Top of RECORDED DATA
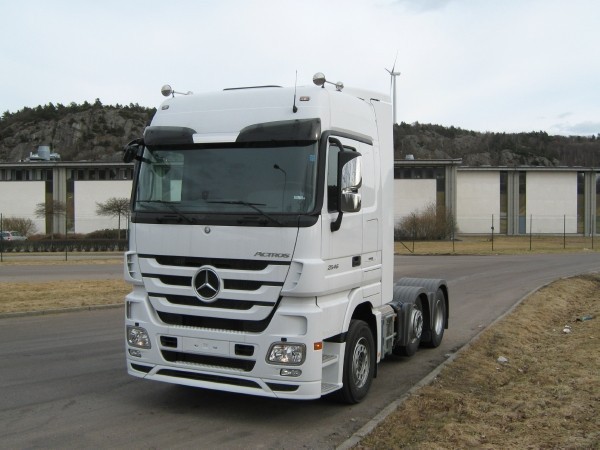 Actros 2546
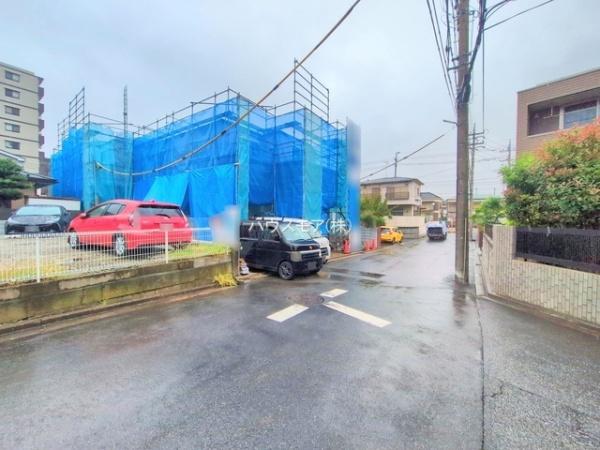 松戸市常盤平4丁目　1号棟　新築戸建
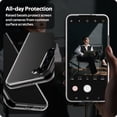 thumbnail image 5 of TPU for Galaxy S23 Plus Case Clear, Ultra [Slim Thin] Flexible Scratch Resistant TPU Gel Rubber Soft Silicone Clear Lightweight Gel Protective Case Cover for Samsung Galaxy S23 Plus 5G (Clear), 5 of 16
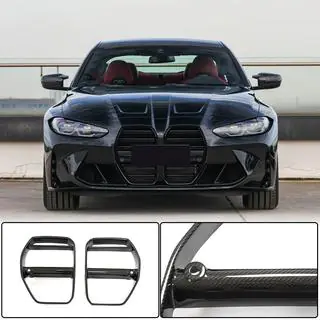 V3 luchtinlaten (voor G82/G83, carbon) foto 1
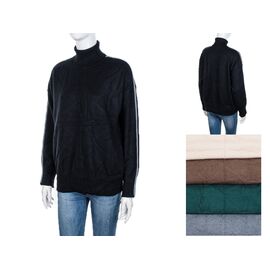 Фотография Свитер женский 20250802 mix р.one size "Svit clothes" недорого оптом от прямого поставщика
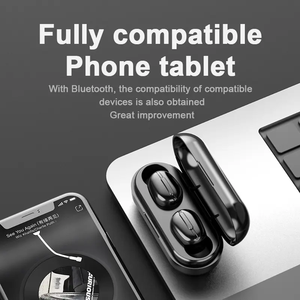 Audífonos Inalámbricos Tws-L13, Bluetooth 5.0, Deportivos, para Juegos, Mini Audífonos Intrauditivos L13, Electrónicos - Product Image 5
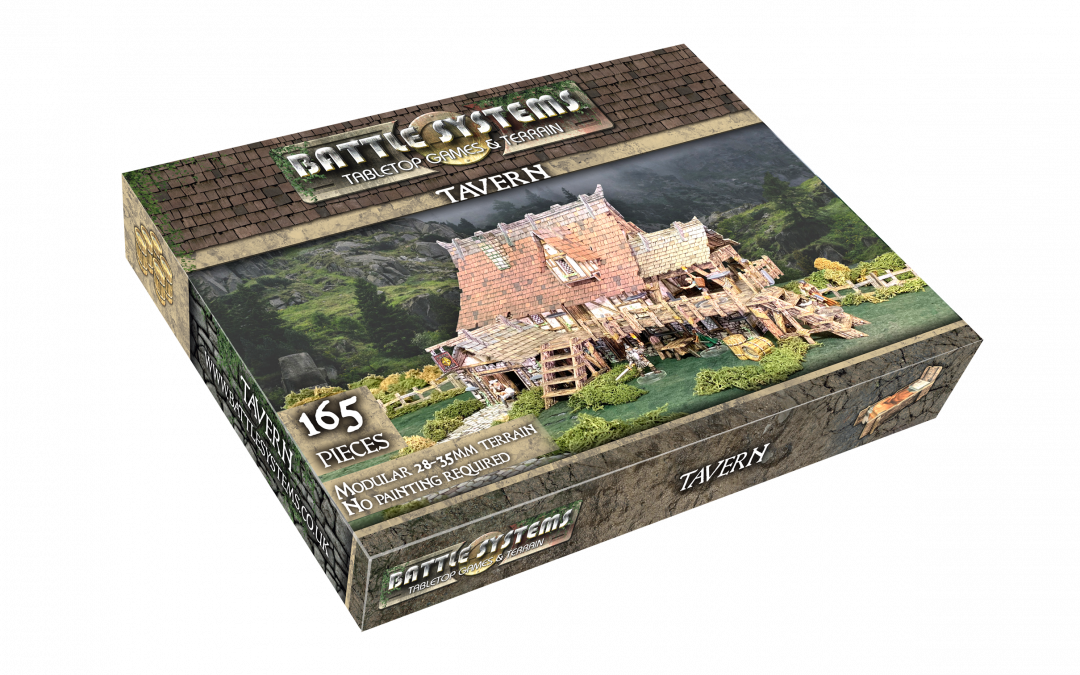 Battle Systems: Tavern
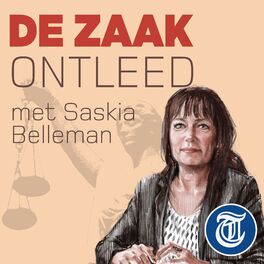 Show cover of De zaak ontleed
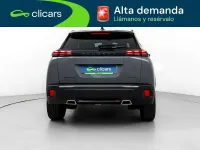 Usado Peugeot 2008 Allure 136 CV (100 kW) 2025 Gris SUV
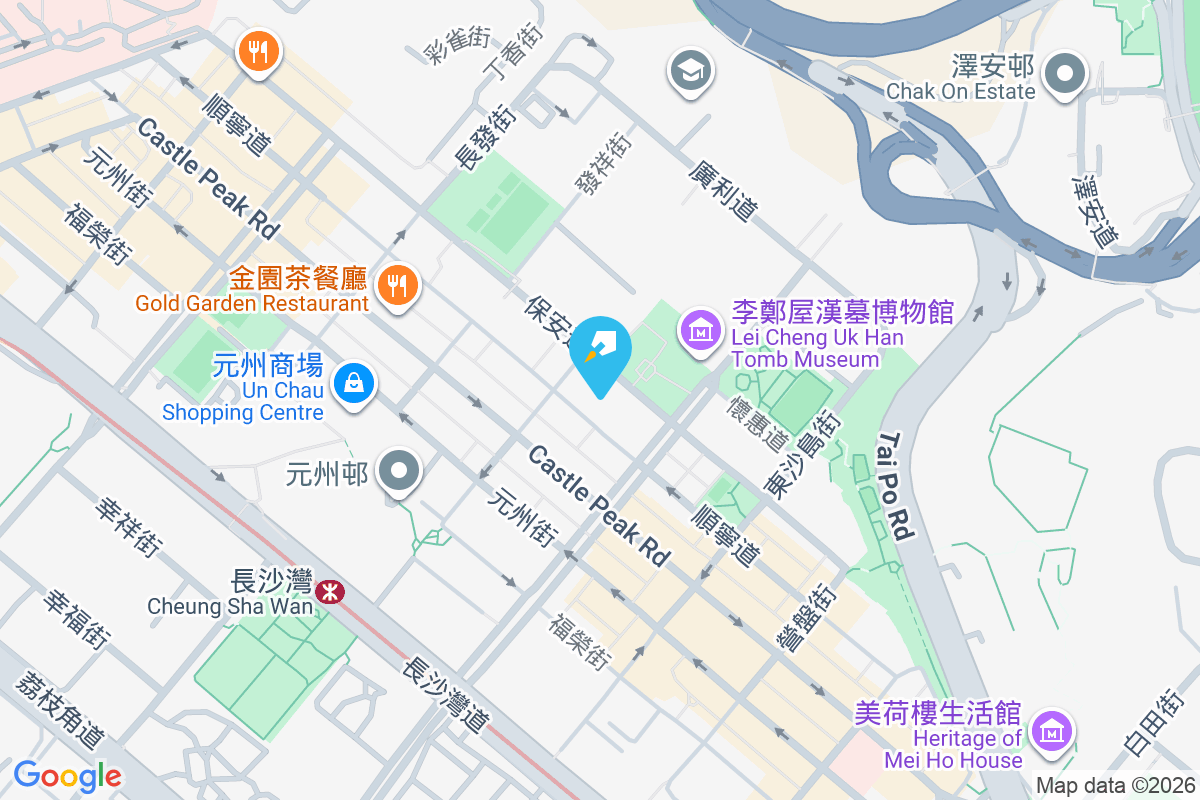 寶熙苑 保安道255號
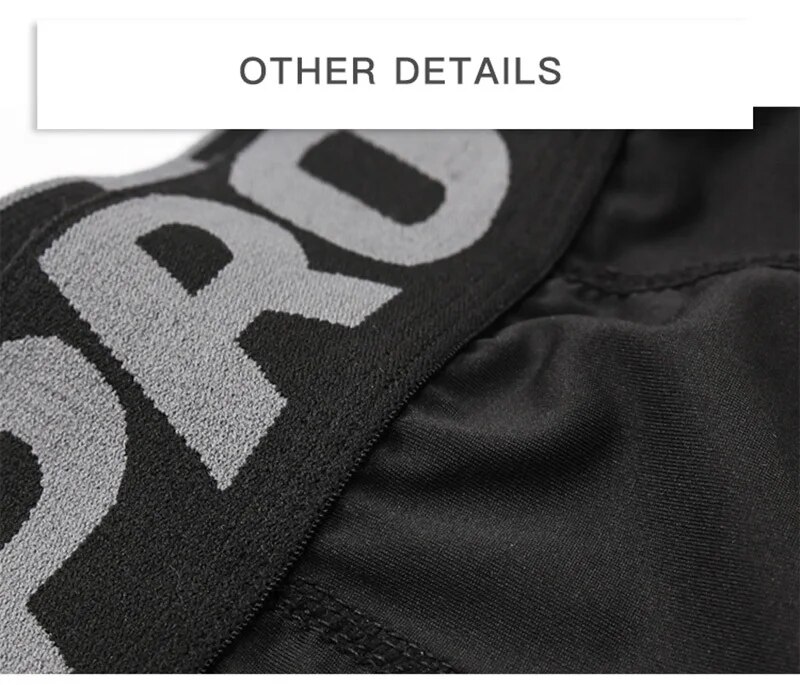 Men's Compression Quick Dry Shorts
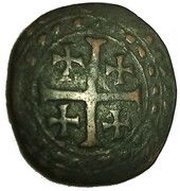 1 Grosso - Ferdinando I Casale, Italy, 1615-1626 reverse image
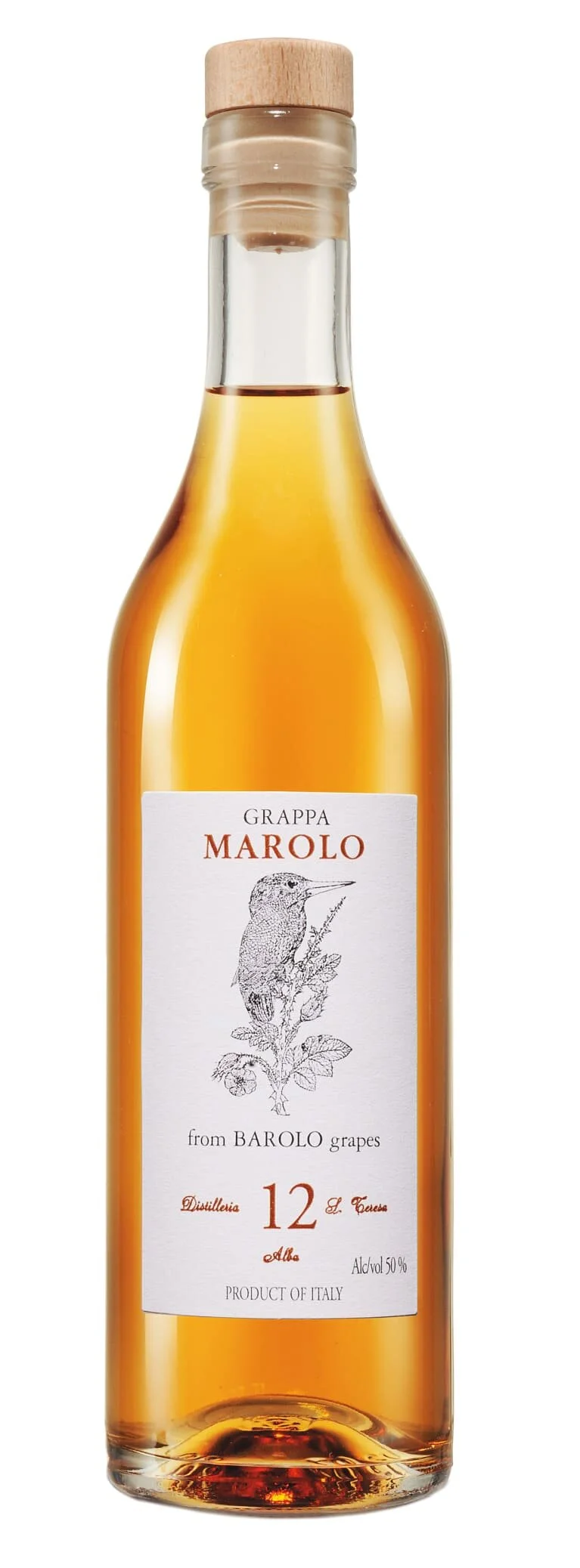Grappa Marolo — SoilAir Selection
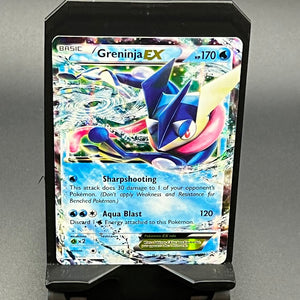 Greninja EX - XY20 Promo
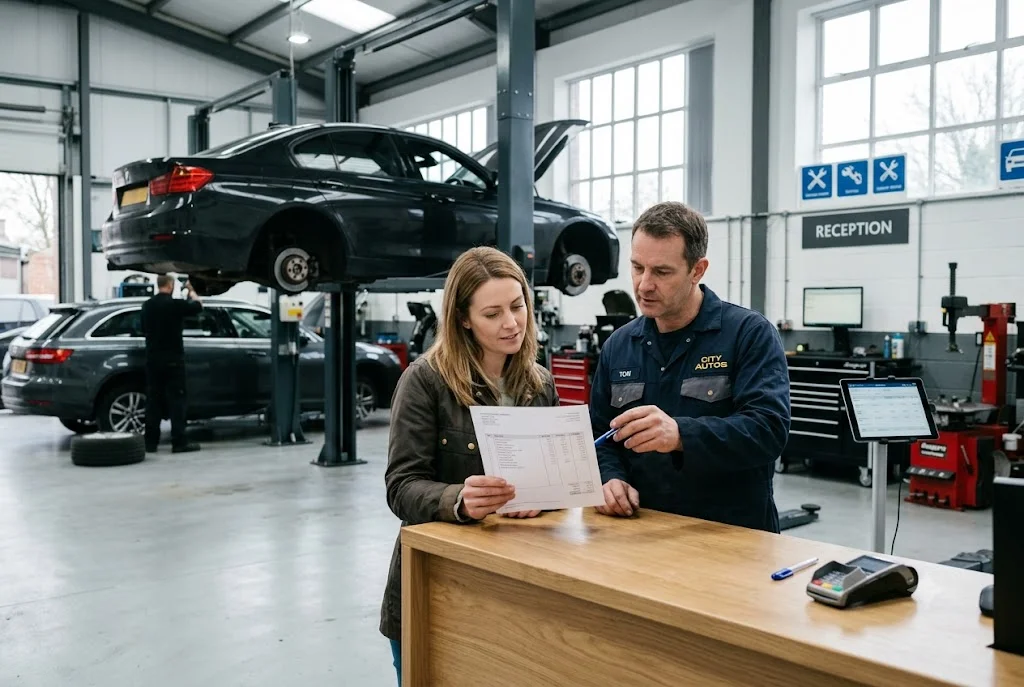 Cost of Servicing a Car in the UK: What to Expect Cost of Servicing a Car in the UK: What to Expect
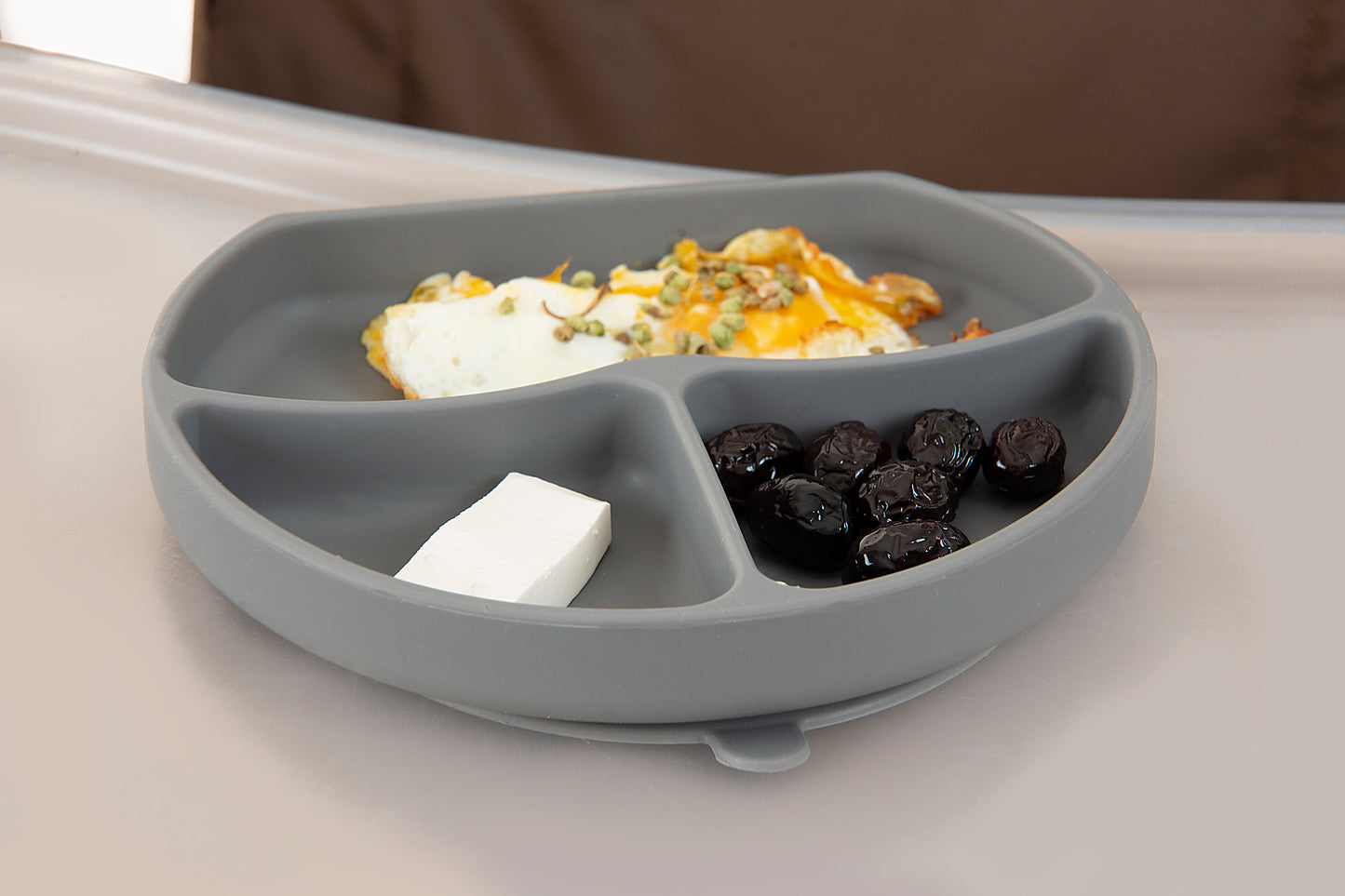 Babyjem silicon feeding set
Bottom of RECORDED DATA
> **DESCRIPTION OF THE TASK**:
Leaving out the pictures, output each line above exactly as it is.

> **SOLUTION TO THIS EXERCISE**:
 Actros 2546
 松戸市常盤平4丁目　1号棟　新築戸建
 thumbnail image 5 of TPU for Galaxy S23 Plus Case Clear, Ultra [Slim Thin] Flexible Scratch Resistant TPU Gel Rubber Soft Silicone Clear Lightweight Gel Protective Case Cover for Samsung Galaxy S23 Plus 5G (Clear), 5 of 16
 V3 luchtinlaten (voor G82/G83, carbon) foto 1
 Фотография Свитер женский 20250802 mix р.one size "Svit clothes" недорого оптом от прямого поставщика
 Audífonos Inalámbricos Tws-L13, Bluetooth 5.0, Deportivos, para Juegos, Mini Audífonos Intrauditivos L13, Electrónicos - Product Image 5
 Battle Systems: Tavern
 Show cover of De zaak ontleed
 Usado Peugeot 2008 Allure 136 CV (100 kW) 2025 Gris SUV
 寶熙苑 保安道255號
 Men's Compression Quick Dry Shorts
 1 Grosso - Ferdinando I Casale, Italy, 1615-1626 reverse image
Grappa Marolo — SoilAir Selection
 Greninja EX - XY20 Promo
 Cost of Servicing a Car in the UK: What to Expect Cost of Servicing a Car in the UK: What to Expect
 Babyjem silicon feeding set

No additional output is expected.